→ **WHAT IS BEING ASKED**: Your job is to give again, exactly and with no additions, the lines in the records below from the one with "carpeted living area" through the one with "a small soccer", both included. Omit the pictures.

Dataset entries:
-=-=-=-=-

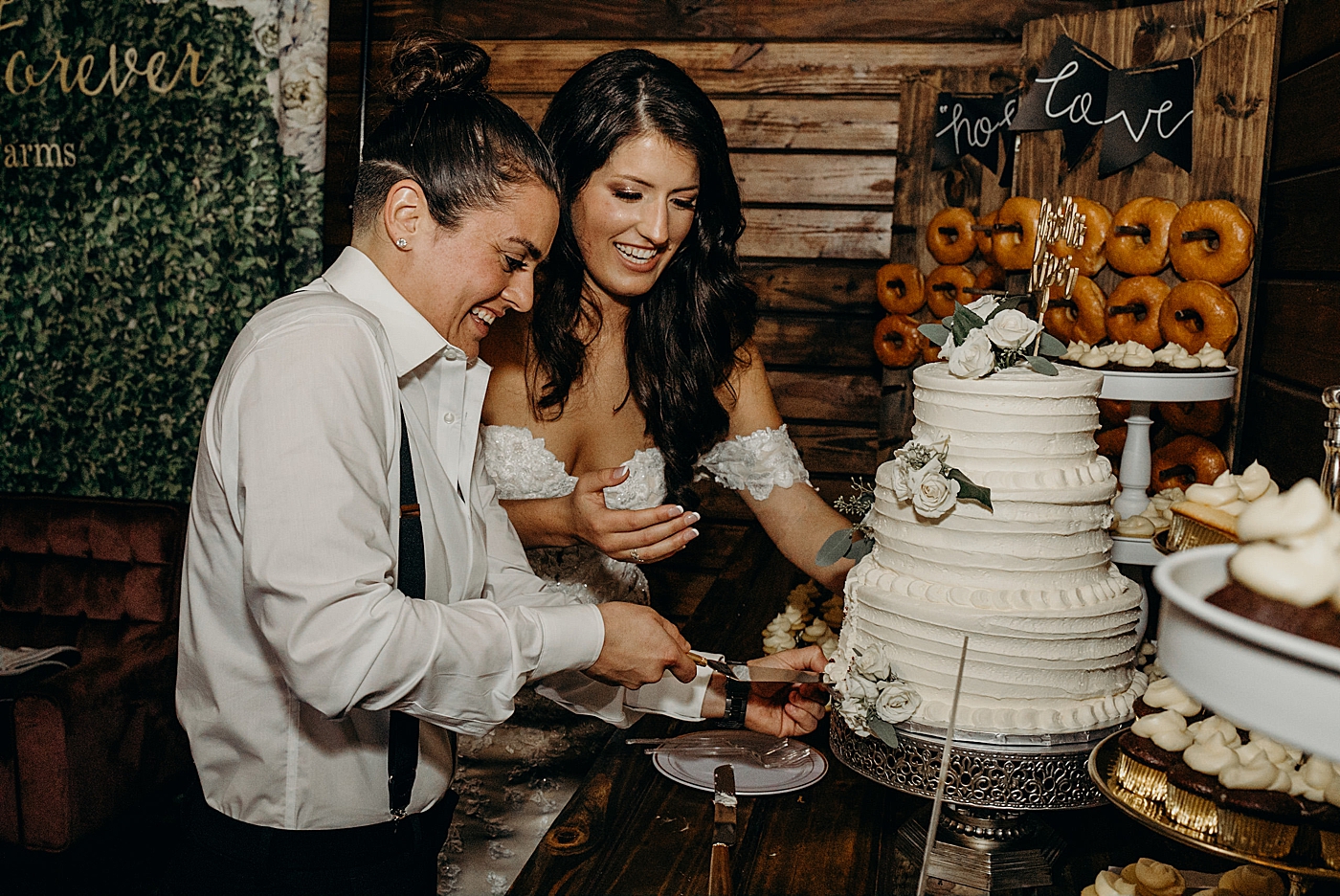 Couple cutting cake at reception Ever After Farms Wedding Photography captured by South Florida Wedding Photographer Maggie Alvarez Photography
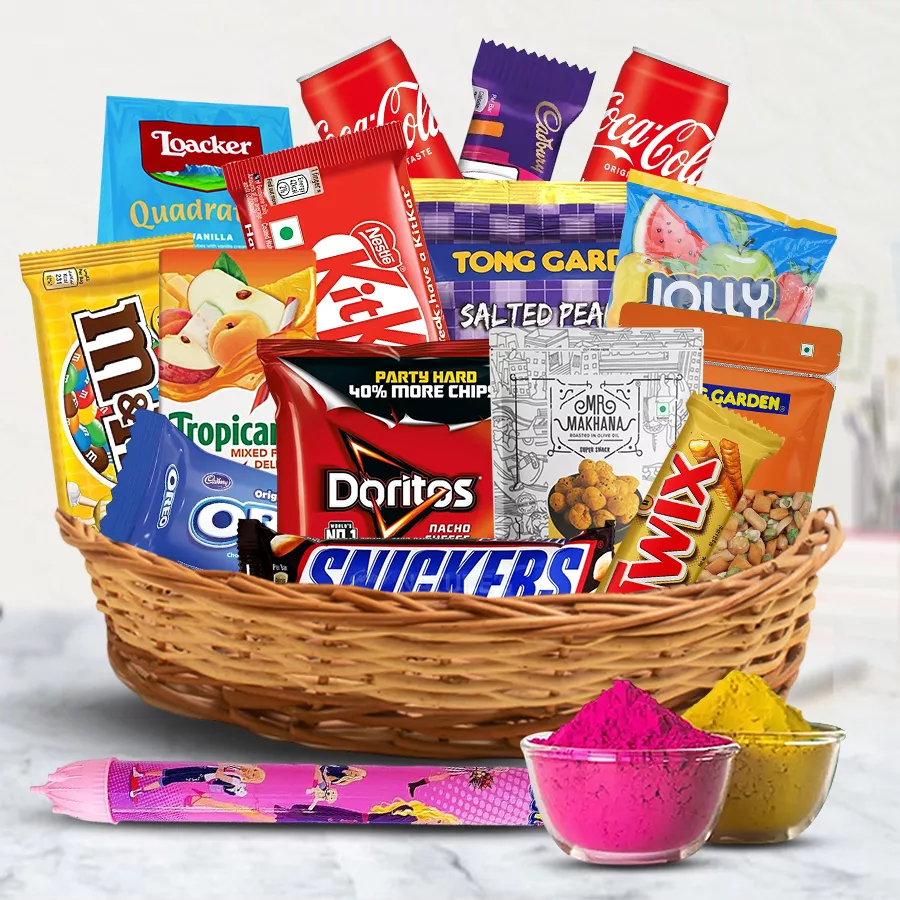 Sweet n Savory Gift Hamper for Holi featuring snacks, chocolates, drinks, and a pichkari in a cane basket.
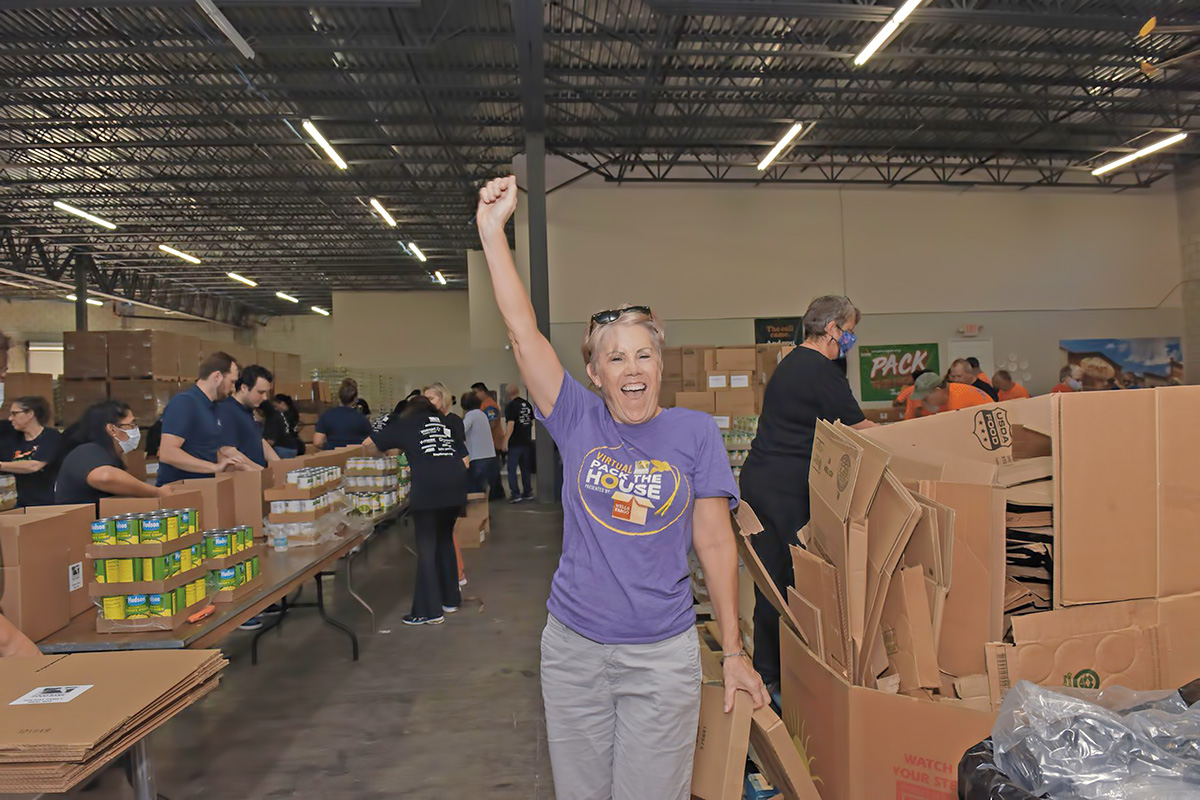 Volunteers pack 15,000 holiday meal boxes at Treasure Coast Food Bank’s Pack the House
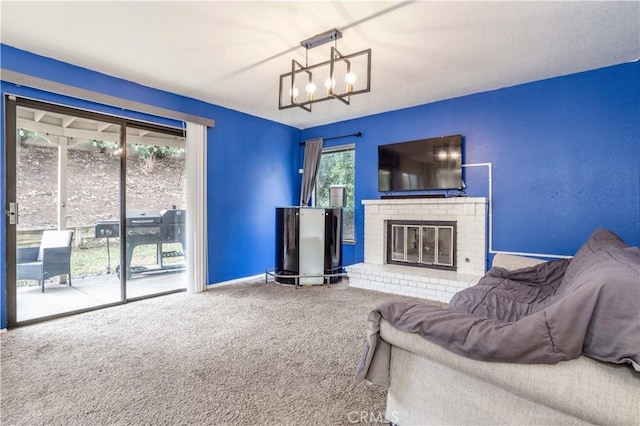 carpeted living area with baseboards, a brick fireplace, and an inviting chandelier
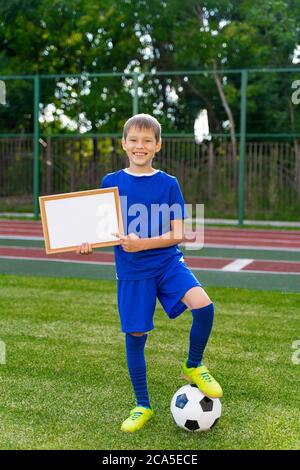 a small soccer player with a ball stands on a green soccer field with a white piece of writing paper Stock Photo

-=-=-=-=-

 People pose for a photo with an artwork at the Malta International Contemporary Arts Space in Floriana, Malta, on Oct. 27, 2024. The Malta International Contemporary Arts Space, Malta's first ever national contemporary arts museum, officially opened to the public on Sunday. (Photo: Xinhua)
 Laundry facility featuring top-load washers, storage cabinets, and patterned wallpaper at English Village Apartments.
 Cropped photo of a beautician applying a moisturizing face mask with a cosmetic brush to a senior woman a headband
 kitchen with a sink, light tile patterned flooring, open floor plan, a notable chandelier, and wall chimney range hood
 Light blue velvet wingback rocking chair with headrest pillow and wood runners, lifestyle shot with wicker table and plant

-=-=-=-=-

→ **WRITTEN ANSWER**:
 carpeted living area with baseboards, a brick fireplace, and an inviting chandelier
 a small soccer player with a ball stands on a green soccer field with a white piece of writing paper Stock Photo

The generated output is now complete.